» Problem to solve
Every record must be transcribed in its entirety, apart from the images, which are to be omitted.

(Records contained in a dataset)
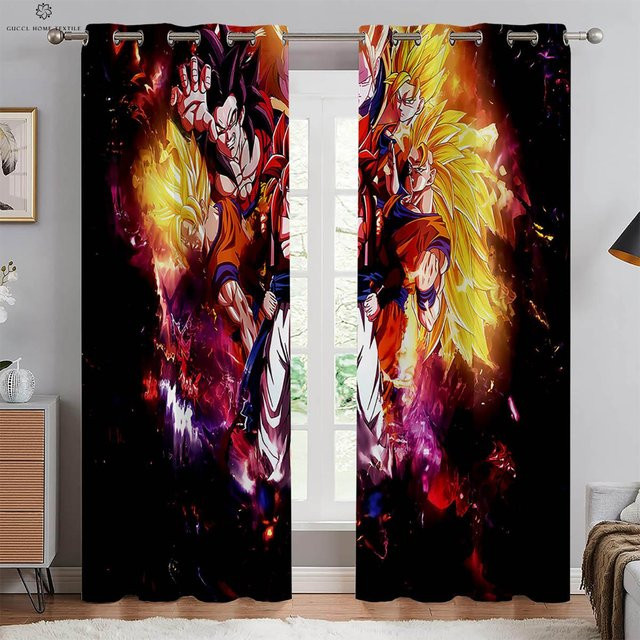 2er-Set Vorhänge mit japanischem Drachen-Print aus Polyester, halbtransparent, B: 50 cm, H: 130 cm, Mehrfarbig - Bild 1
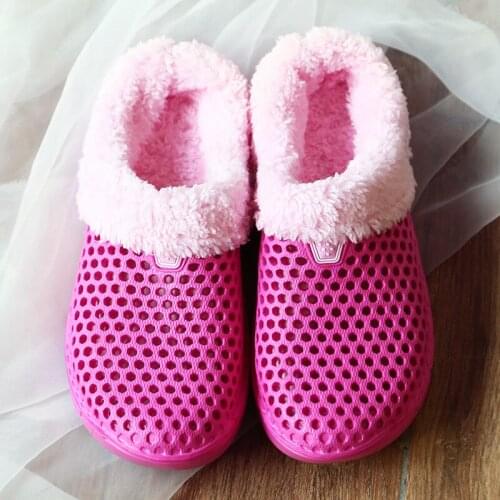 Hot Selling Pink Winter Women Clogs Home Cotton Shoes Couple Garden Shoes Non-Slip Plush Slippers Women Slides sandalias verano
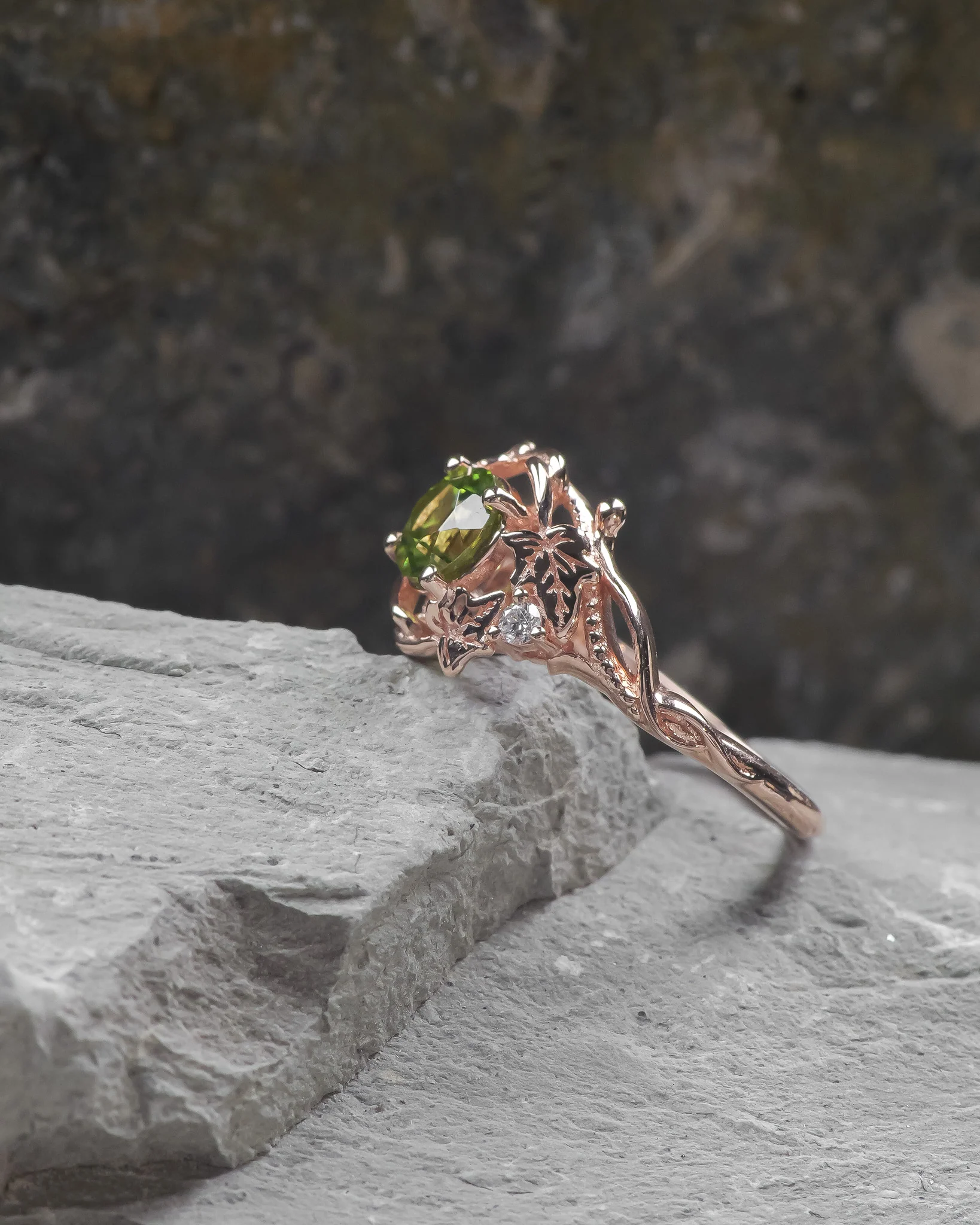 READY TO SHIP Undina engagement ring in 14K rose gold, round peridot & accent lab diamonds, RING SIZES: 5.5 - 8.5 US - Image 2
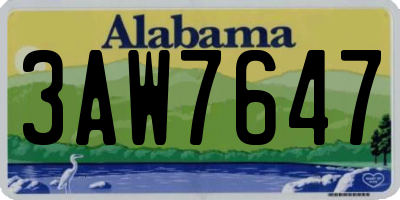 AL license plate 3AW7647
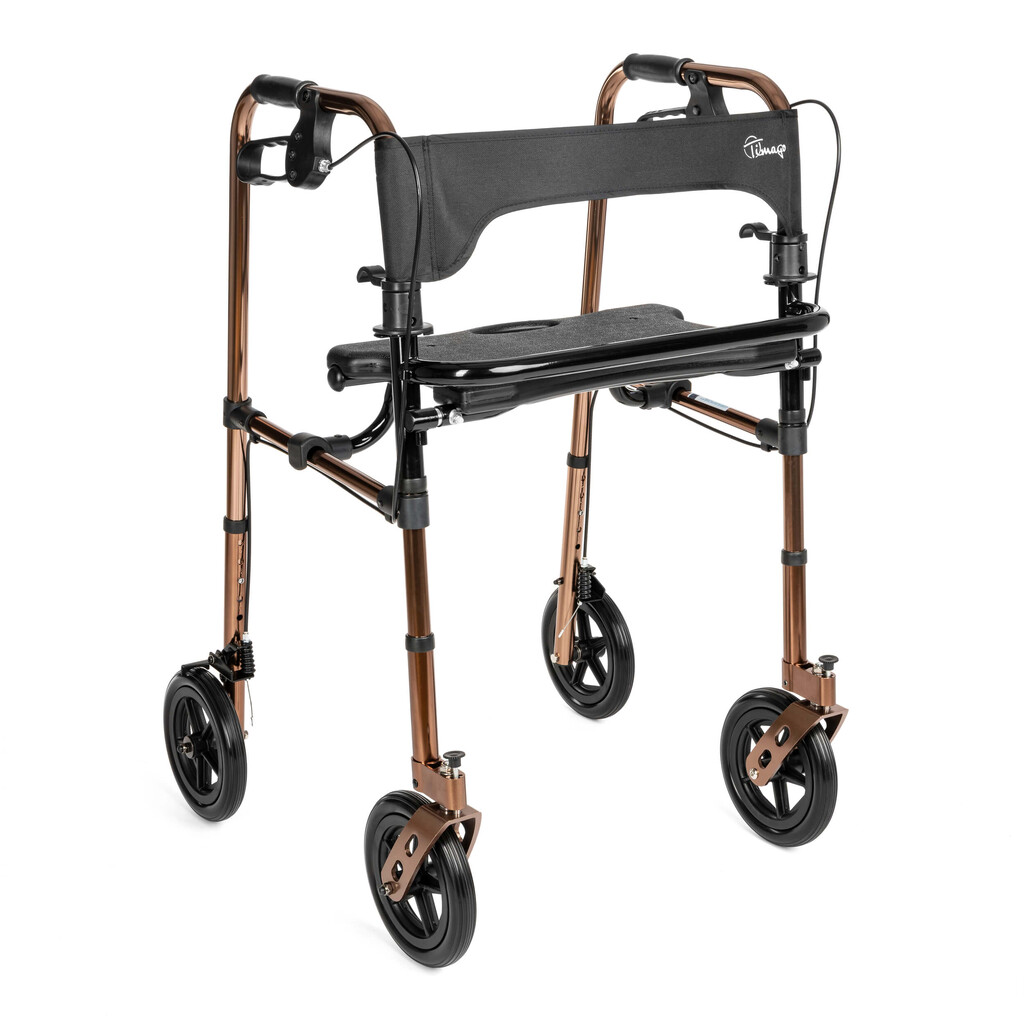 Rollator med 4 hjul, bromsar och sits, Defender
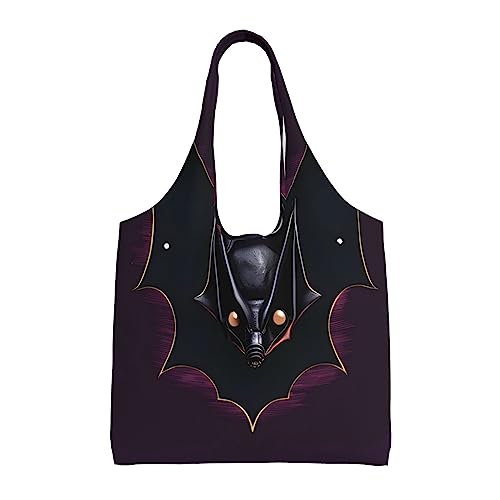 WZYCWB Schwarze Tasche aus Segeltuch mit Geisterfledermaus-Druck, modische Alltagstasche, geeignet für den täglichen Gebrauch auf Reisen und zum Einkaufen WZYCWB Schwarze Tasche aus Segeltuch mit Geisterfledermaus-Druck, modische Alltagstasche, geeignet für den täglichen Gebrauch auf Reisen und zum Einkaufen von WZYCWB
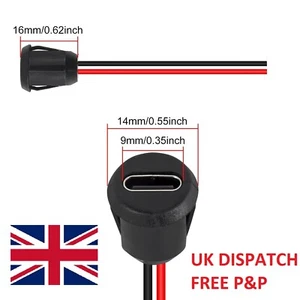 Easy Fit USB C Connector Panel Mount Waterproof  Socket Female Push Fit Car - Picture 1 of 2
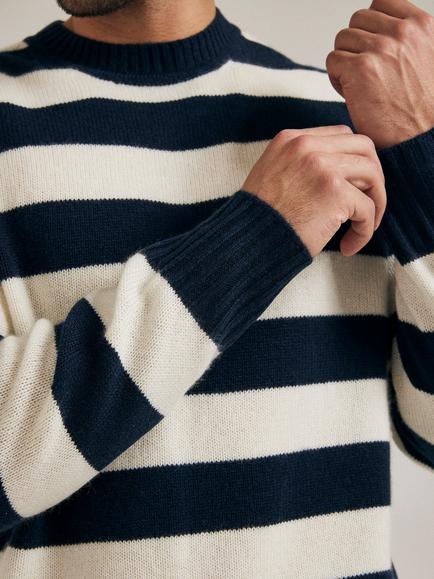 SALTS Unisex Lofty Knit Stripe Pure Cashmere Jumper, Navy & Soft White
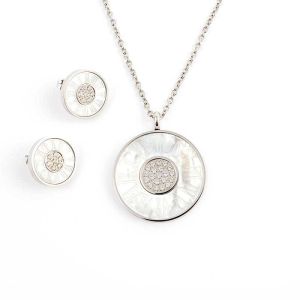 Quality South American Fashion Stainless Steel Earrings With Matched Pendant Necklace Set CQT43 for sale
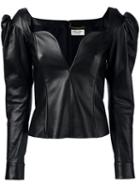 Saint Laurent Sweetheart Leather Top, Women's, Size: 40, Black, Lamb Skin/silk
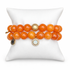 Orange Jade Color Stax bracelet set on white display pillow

» Your response
 2er-Set Vorhänge mit japanischem Drachen-Print aus Polyester, halbtransparent, B: 50 cm, H: 130 cm, Mehrfarbig - Bild 1
 Hot Selling Pink Winter Women Clogs Home Cotton Shoes Couple Garden Shoes Non-Slip Plush Slippers Women Slides sandalias verano
 READY TO SHIP Undina engagement ring in 14K rose gold, round peridot & accent lab diamonds, RING SIZES: 5.5 - 8.5 US - Image 2
 AL license plate 3AW7647
 Rollator med 4 hjul, bromsar och sits, Defender
 WZYCWB Schwarze Tasche aus Segeltuch mit Geisterfledermaus-Druck, modische Alltagstasche, geeignet für den täglichen Gebrauch auf Reisen und zum Einkaufen WZYCWB Schwarze Tasche aus Segeltuch mit Geisterfledermaus-Druck, modische Alltagstasche, geeignet für den täglichen Gebrauch auf Reisen und zum Einkaufen von WZYCWB
 Easy Fit USB C Connector Panel Mount Waterproof  Socket Female Push Fit Car - Picture 1 of 2
 SALTS Unisex Lofty Knit Stripe Pure Cashmere Jumper, Navy & Soft White
 Quality South American Fashion Stainless Steel Earrings With Matched Pendant Necklace Set CQT43 for sale
 Saint Laurent Sweetheart Leather Top, Women's, Size: 40, Black, Lamb Skin/silk
 Orange Jade Color Stax bracelet set on white display pillow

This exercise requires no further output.